* WHAT YOU NEED TO DO
For the records below, print the lines from the line with "Allegra K Linen" through the line with "Paquete de 100" exactly as written; include both end lines and exclude the rest.
** INPUT follows **
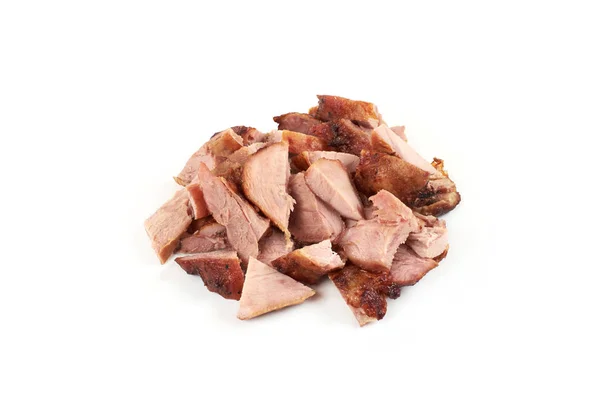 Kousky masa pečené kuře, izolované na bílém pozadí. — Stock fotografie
** End of INPUT **
** INPUT follows **
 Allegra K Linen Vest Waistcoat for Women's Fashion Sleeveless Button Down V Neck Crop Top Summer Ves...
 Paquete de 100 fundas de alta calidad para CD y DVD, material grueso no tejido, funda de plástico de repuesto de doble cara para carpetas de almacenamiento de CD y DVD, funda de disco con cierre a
** End of INPUT **
* EXERCISE OUTPUT
 Allegra K Linen Vest Waistcoat for Women's Fashion Sleeveless Button Down V Neck Crop Top Summer Ves...
 Paquete de 100 fundas de alta calidad para CD y DVD, material grueso no tejido, funda de plástico de repuesto de doble cara para carpetas de almacenamiento de CD y DVD, funda de disco con cierre a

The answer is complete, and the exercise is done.